*** Opening THE INPUT ***

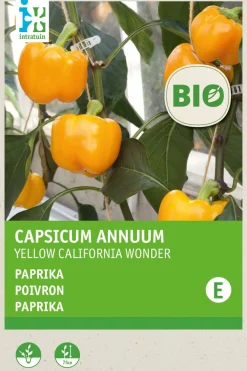 Intratuin Paprika (Capsicum annuum 'Yellow California Wonder') (BIO) Samen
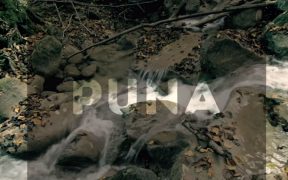 PUNA - Chica Cascada ft Mariana Paraway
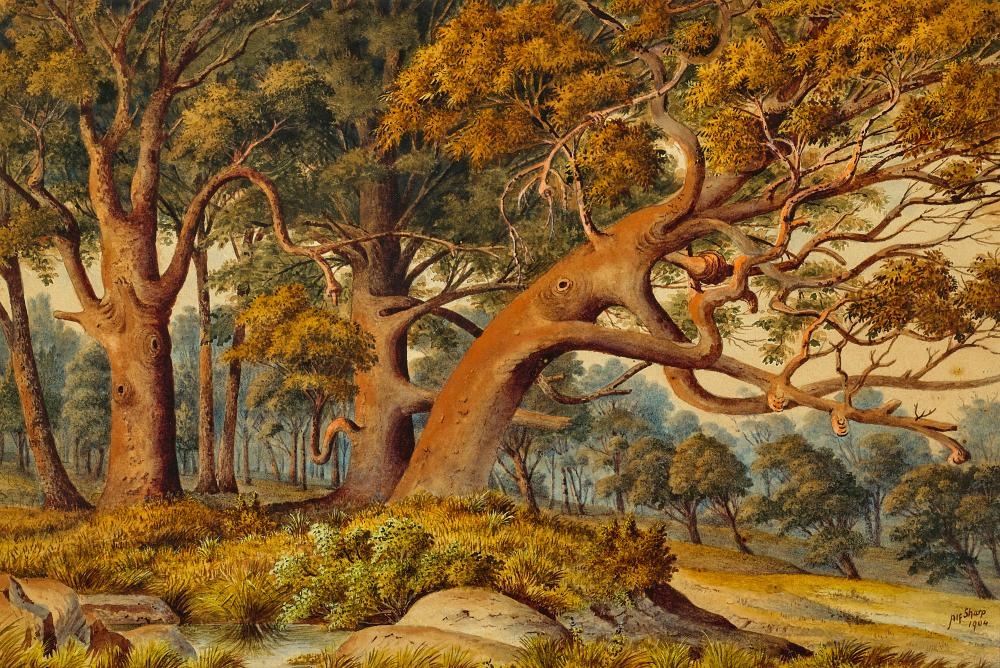 Alfred Sharpe | Native bush landscape, 1904 (1904) | MutualArt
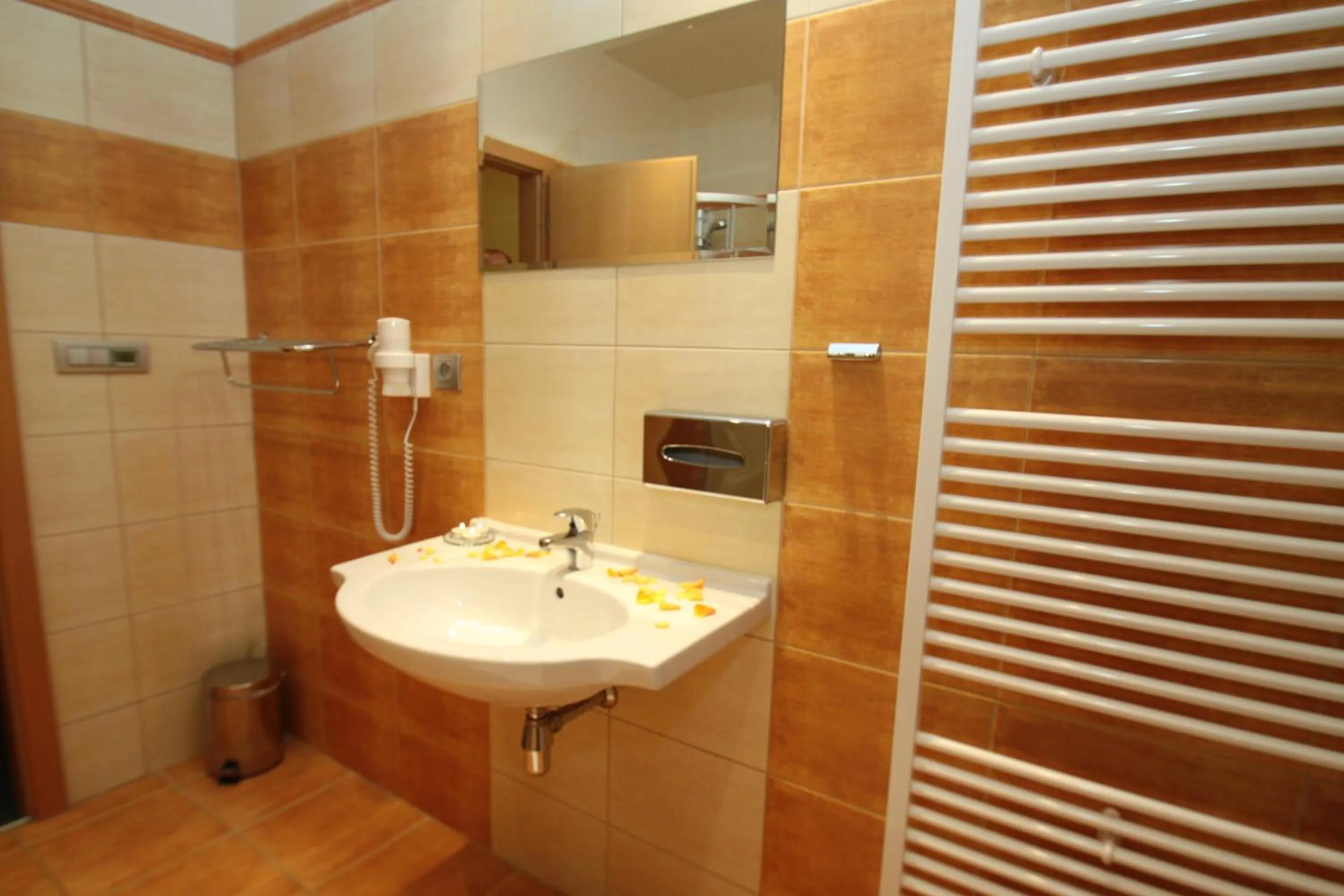 Bathroom in Hotel Slovan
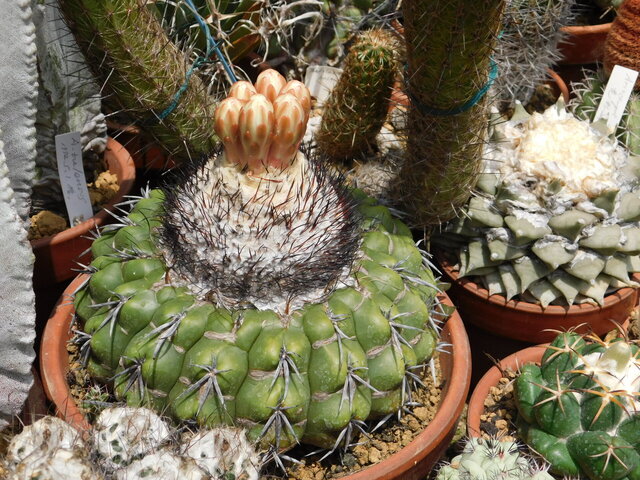DSCN5217.JPG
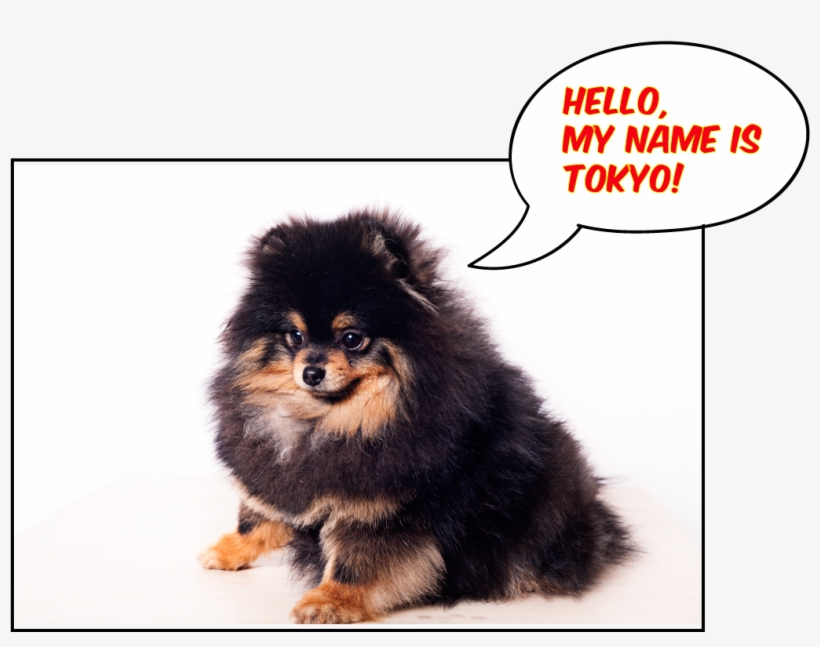 Tokio Penny - Keep Your Head Up God Gives His Hardest Battles To, transparent png #1602924
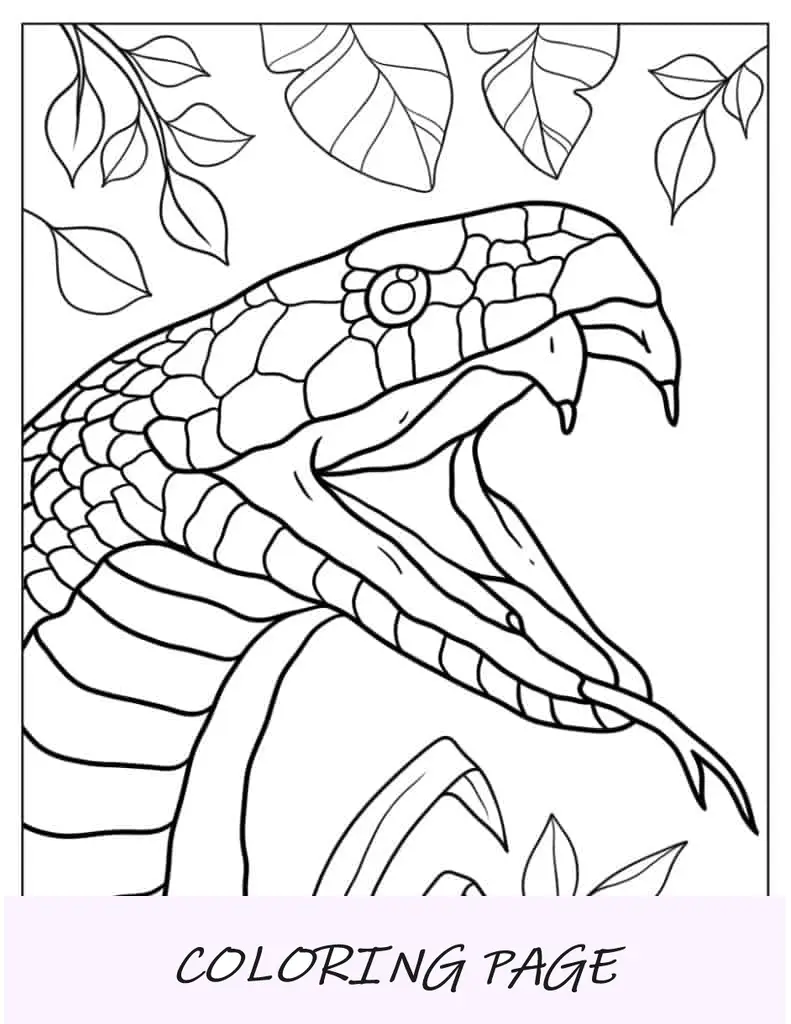 Cerca de serpiente con colmillos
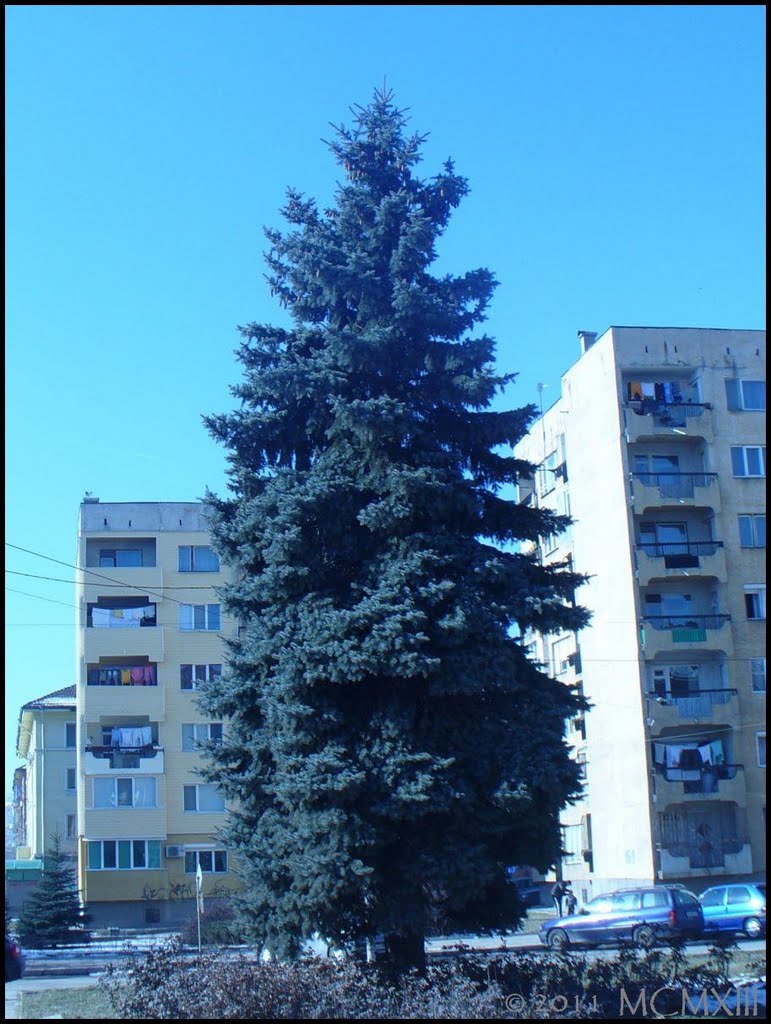 Дърво, Перник / A tree, Pernik by MCMXIII™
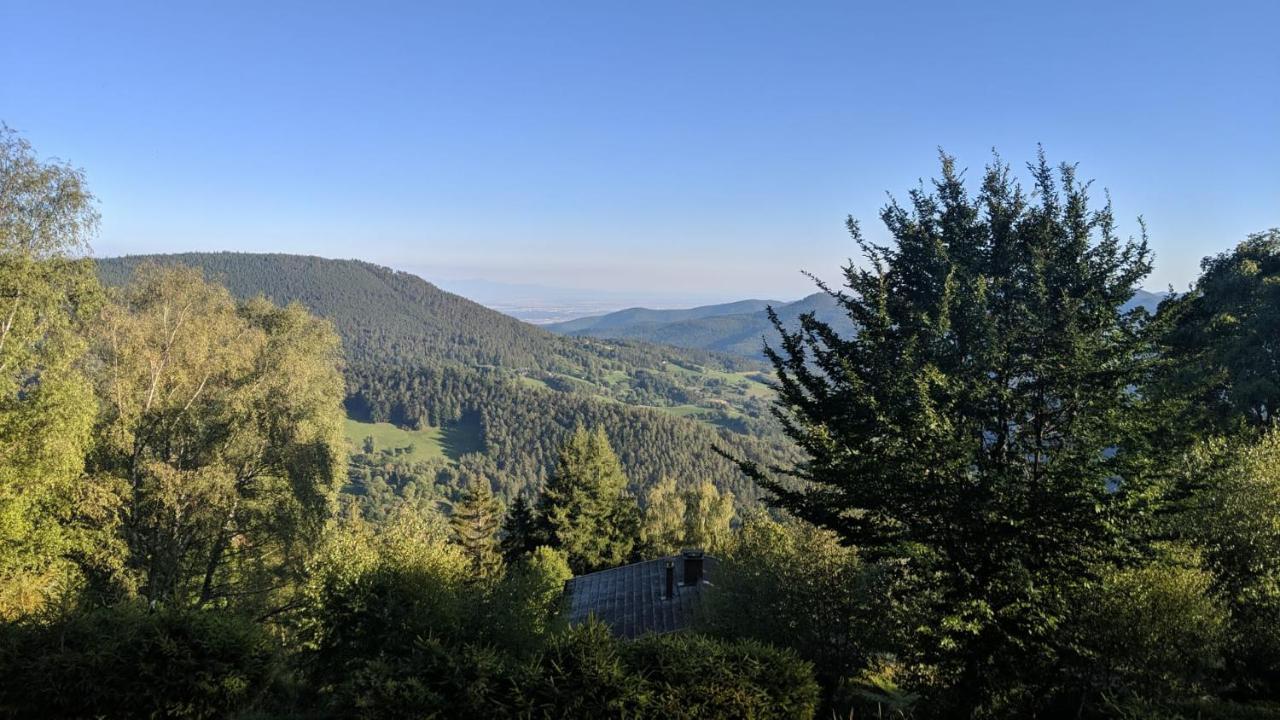 Apigite68, Proche Route Des Vins, Vosges, Colmar Et Non Loin D'Europa-Park! Villa Ostheim Dış mekan fotoğraf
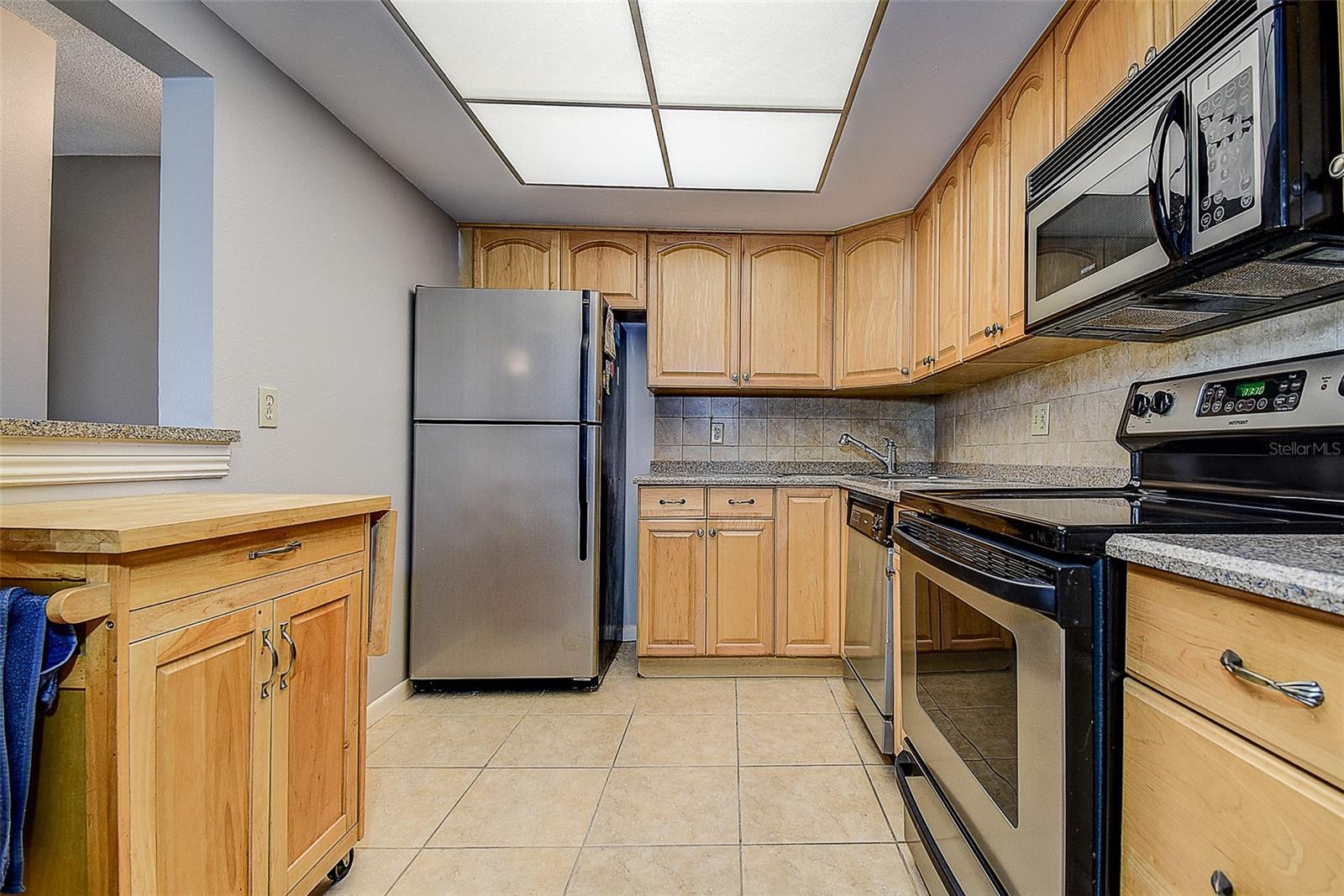5220 Brittany Unit 509, St Petersburg, FL 33715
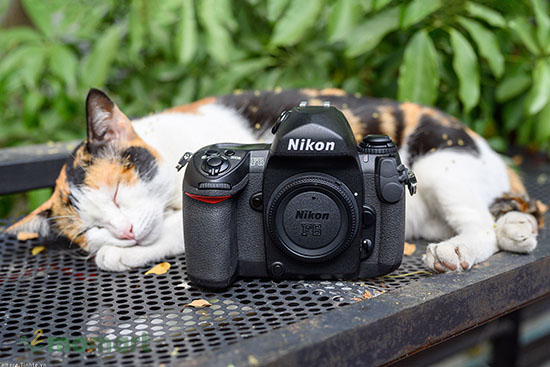 Máy ảnh phim ống kính rời Nikon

*** Closing THE INPUT ***

Your task is to retype all the entries exactly and leave out any pictures.

### ANSWER
 Intratuin Paprika (Capsicum annuum 'Yellow California Wonder') (BIO) Samen
 PUNA - Chica Cascada ft Mariana Paraway
 Alfred Sharpe | Native bush landscape, 1904 (1904) | MutualArt
 Bathroom in Hotel Slovan
DSCN5217.JPG
 Tokio Penny - Keep Your Head Up God Gives His Hardest Battles To, transparent png #1602924
 Cerca de serpiente con colmillos
 Дърво, Перник / A tree, Pernik by MCMXIII™
 Apigite68, Proche Route Des Vins, Vosges, Colmar Et Non Loin D'Europa-Park! Villa Ostheim Dış mekan fotoğraf
5220 Brittany Unit 509, St Petersburg, FL 33715
 Máy ảnh phim ống kính rời Nikon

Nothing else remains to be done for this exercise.